[Image-caption web data]
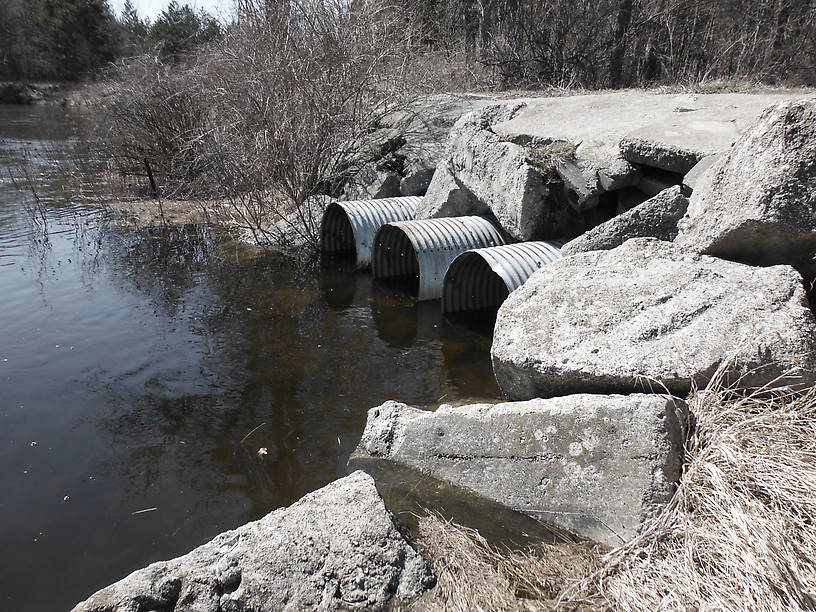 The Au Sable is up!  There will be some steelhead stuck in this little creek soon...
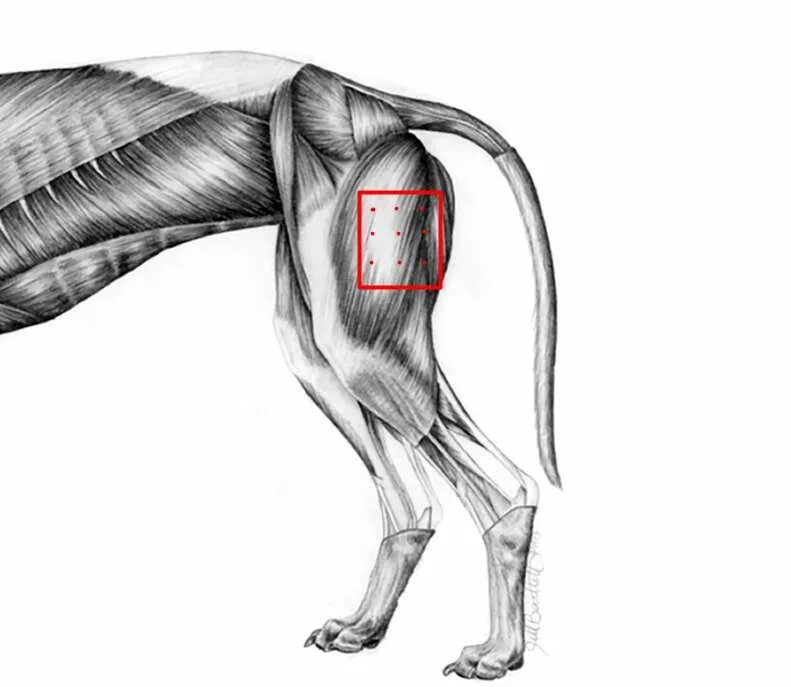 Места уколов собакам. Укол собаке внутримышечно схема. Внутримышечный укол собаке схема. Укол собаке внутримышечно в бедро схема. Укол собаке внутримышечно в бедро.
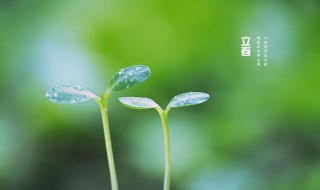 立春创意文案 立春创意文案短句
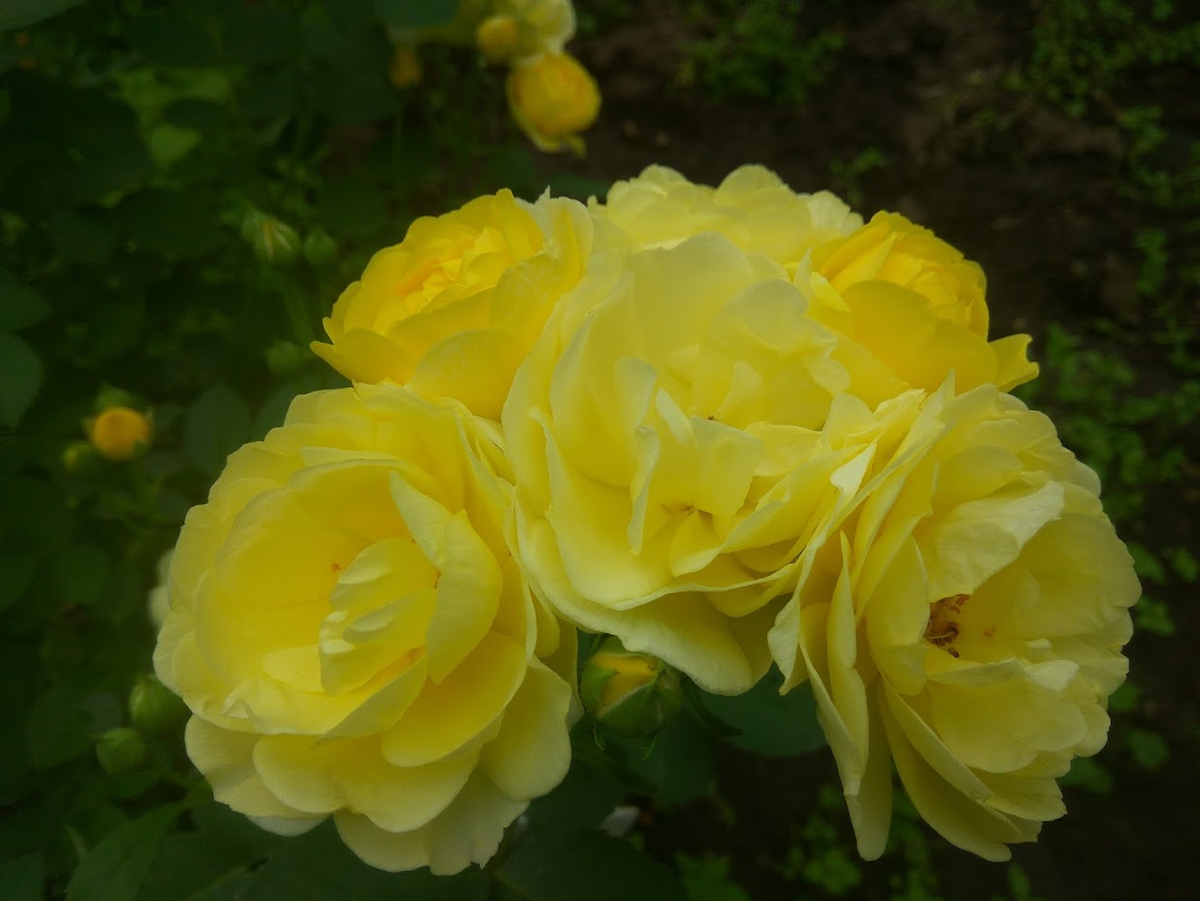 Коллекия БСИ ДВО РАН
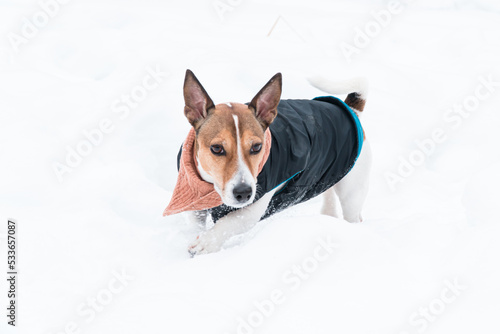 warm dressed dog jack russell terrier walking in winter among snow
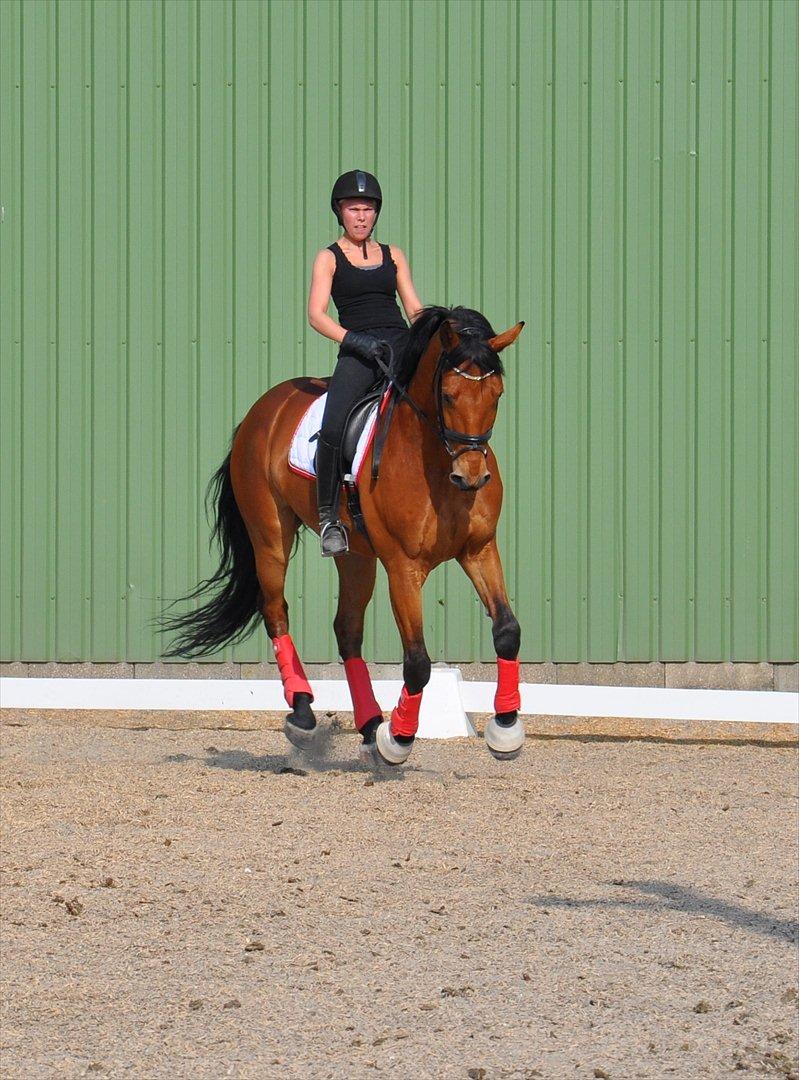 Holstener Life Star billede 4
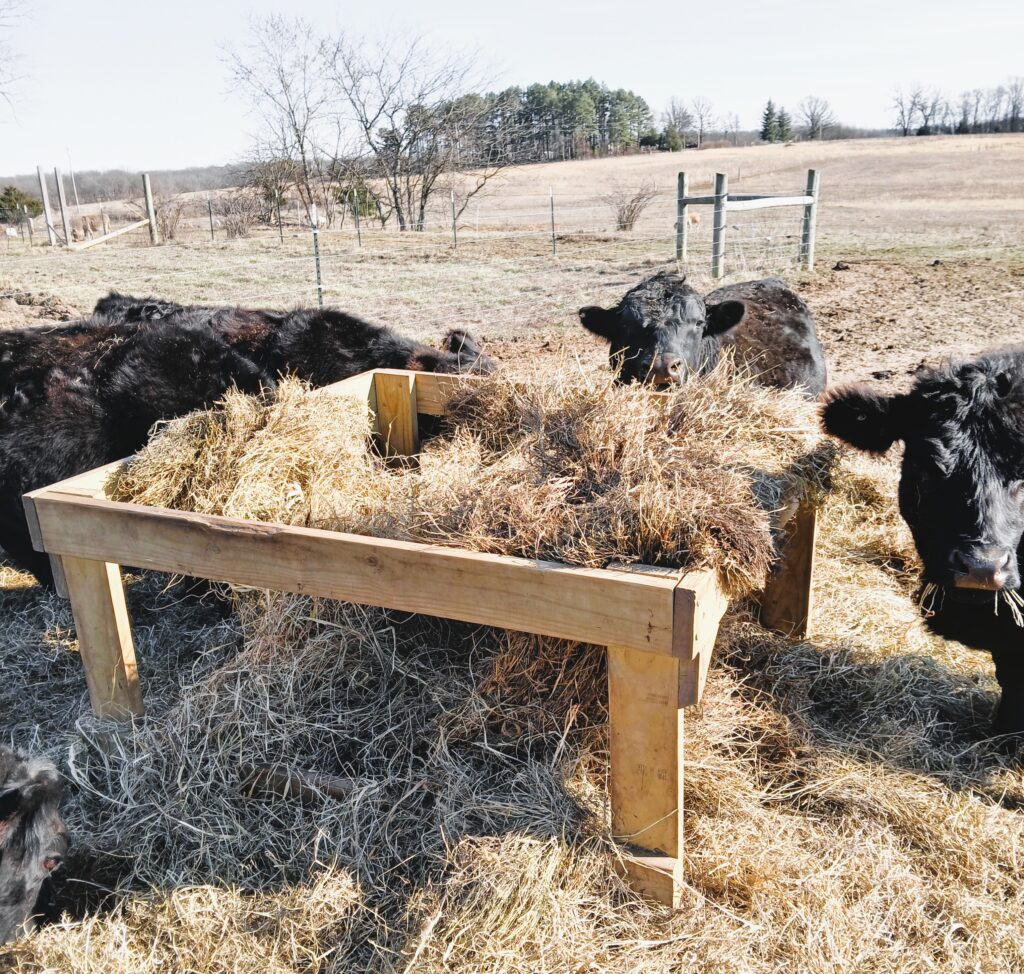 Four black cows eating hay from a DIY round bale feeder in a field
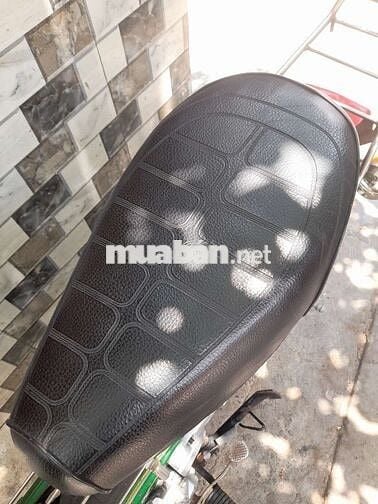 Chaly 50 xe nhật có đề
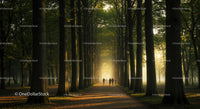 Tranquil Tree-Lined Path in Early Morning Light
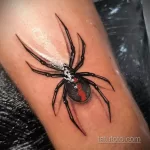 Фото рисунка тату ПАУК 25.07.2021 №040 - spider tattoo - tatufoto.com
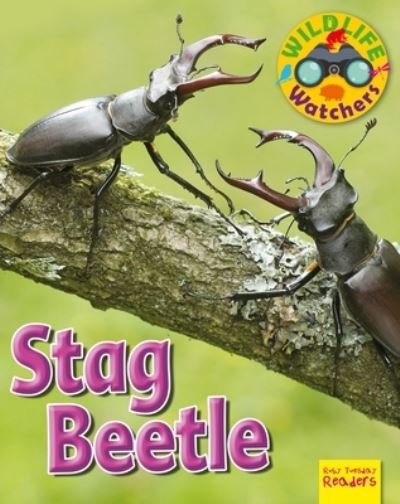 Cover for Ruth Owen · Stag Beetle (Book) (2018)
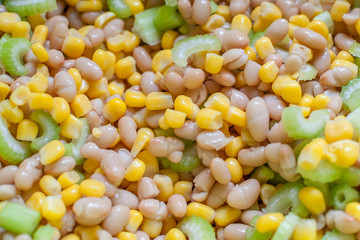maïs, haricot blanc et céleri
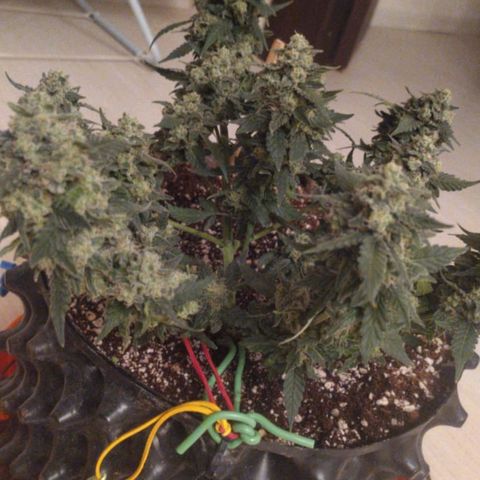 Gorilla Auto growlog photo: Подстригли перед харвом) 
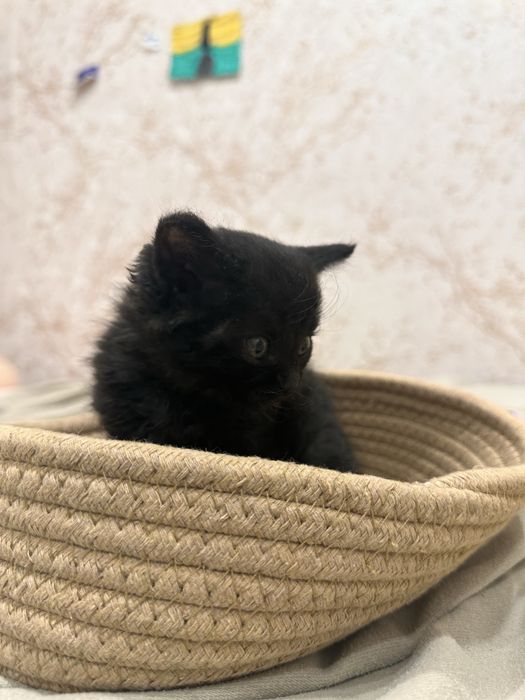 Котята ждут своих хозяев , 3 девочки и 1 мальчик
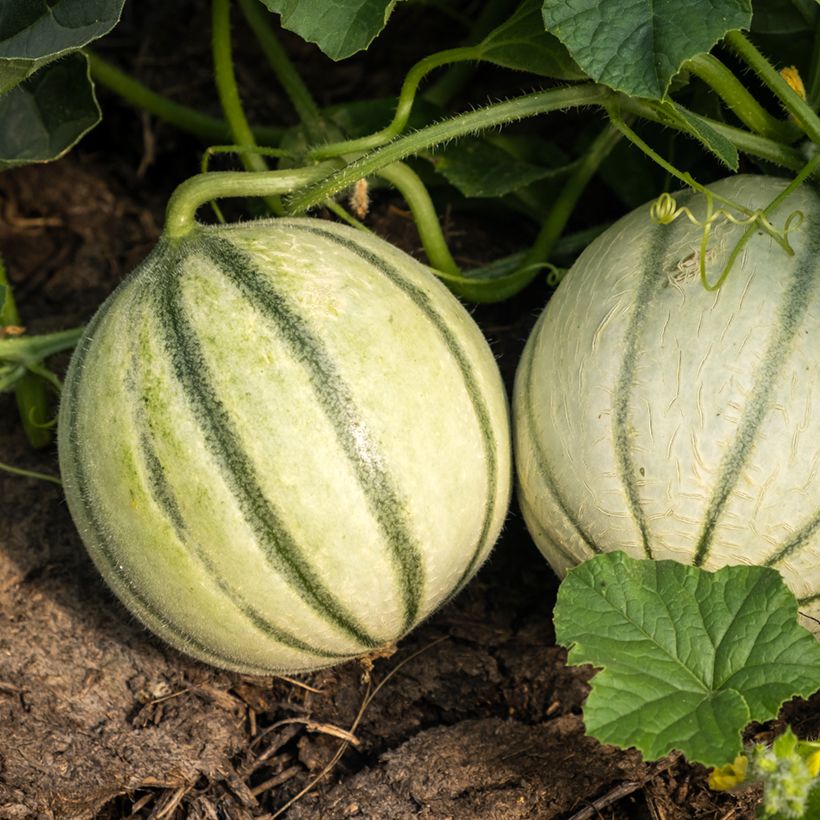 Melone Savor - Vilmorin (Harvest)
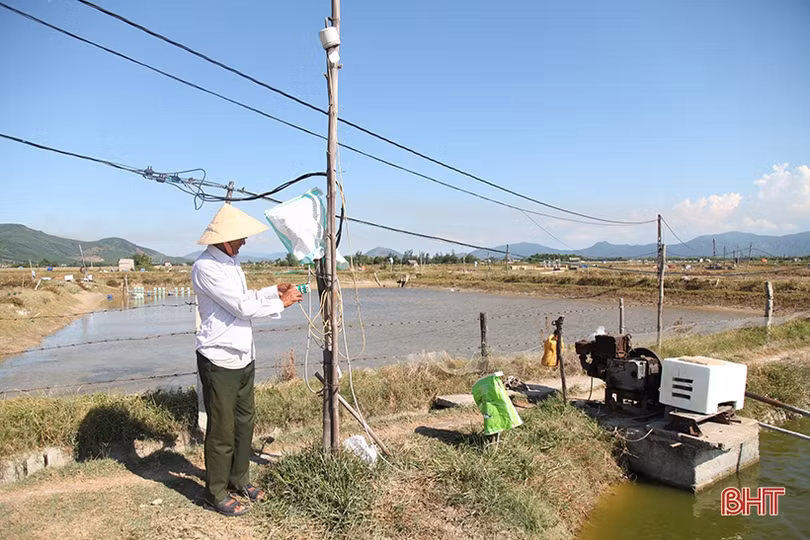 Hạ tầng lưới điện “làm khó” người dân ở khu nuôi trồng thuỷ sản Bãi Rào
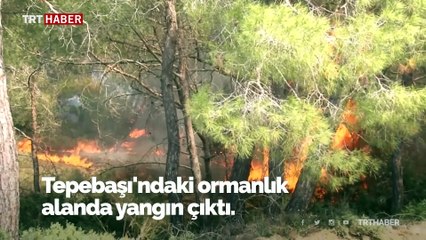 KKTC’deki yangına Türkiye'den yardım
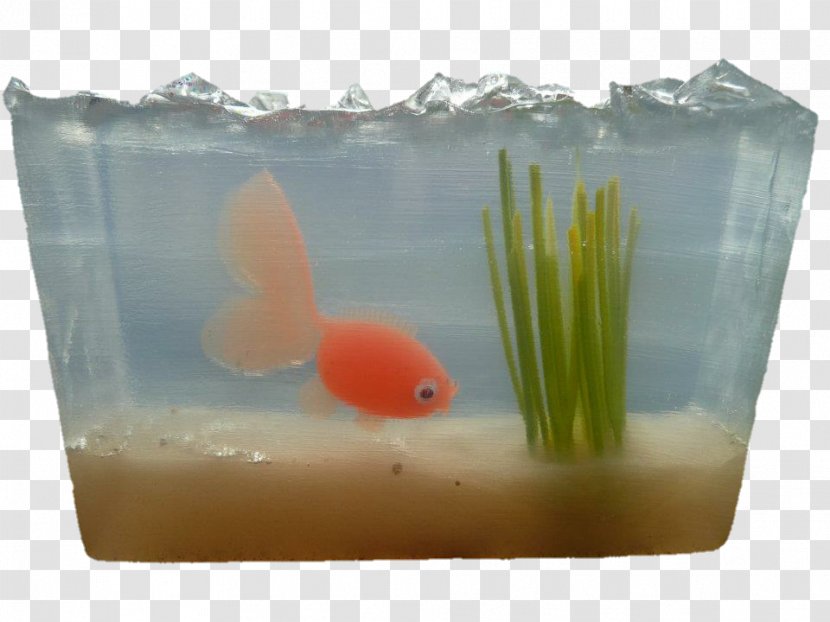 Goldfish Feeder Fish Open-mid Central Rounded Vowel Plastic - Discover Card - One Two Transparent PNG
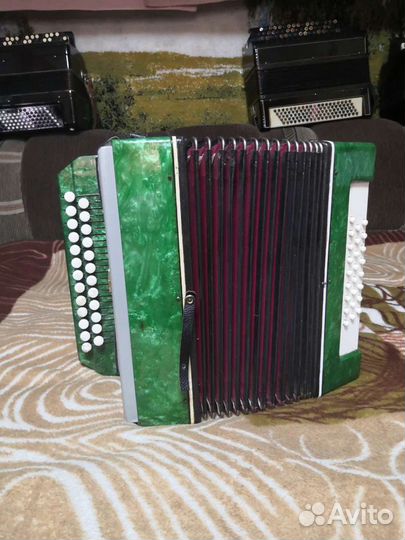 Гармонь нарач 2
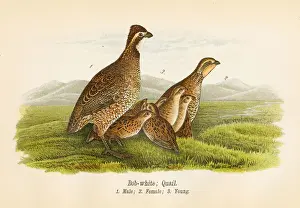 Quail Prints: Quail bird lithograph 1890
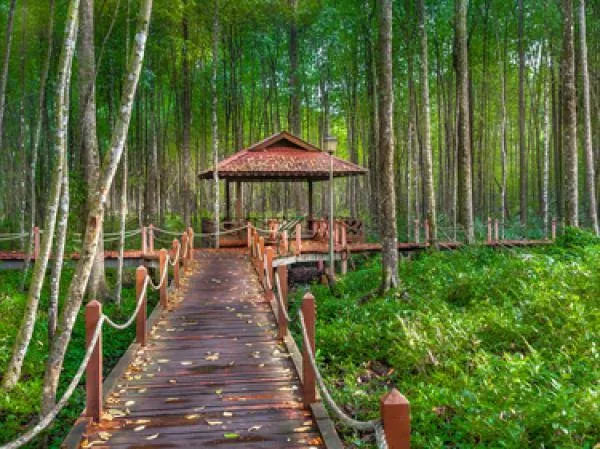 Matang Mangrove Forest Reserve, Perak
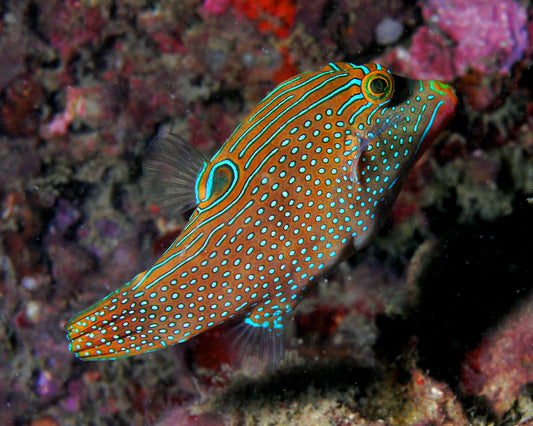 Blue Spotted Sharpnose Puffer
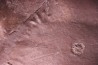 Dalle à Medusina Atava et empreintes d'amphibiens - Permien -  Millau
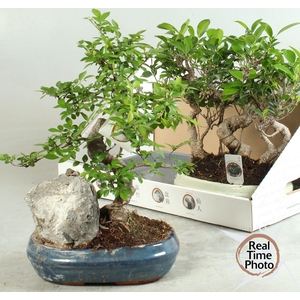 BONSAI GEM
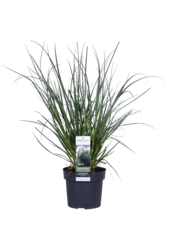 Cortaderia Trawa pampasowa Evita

Work instructions » Only the lines from the one containing "Four black cows" through the end of the data above are to be output, exactly and without pictures.

Output for this exercise »
 Four black cows eating hay from a DIY round bale feeder in a field
 Chaly 50 xe nhật có đề
 Tranquil Tree-Lined Path in Early Morning Light
 Фото рисунка тату ПАУК 25.07.2021 №040 - spider tattoo - tatufoto.com
 Cover for Ruth Owen · Stag Beetle (Book) (2018)
maïs, haricot blanc et céleri
 Gorilla Auto growlog photo: Подстригли перед харвом) 
 Котята ждут своих хозяев , 3 девочки и 1 мальчик
 Melone Savor - Vilmorin (Harvest)
 Hạ tầng lưới điện “làm khó” người dân ở khu nuôi trồng thuỷ sản Bãi Rào
 KKTC’deki yangına Türkiye'den yardım
 Goldfish Feeder Fish Open-mid Central Rounded Vowel Plastic - Discover Card - One Two Transparent PNG
 Гармонь нарач 2
 Quail Prints: Quail bird lithograph 1890
 Matang Mangrove Forest Reserve, Perak
 Blue Spotted Sharpnose Puffer
 Dalle à Medusina Atava et empreintes d'amphibiens - Permien -  Millau
 BONSAI GEM
 Cortaderia Trawa pampasowa Evita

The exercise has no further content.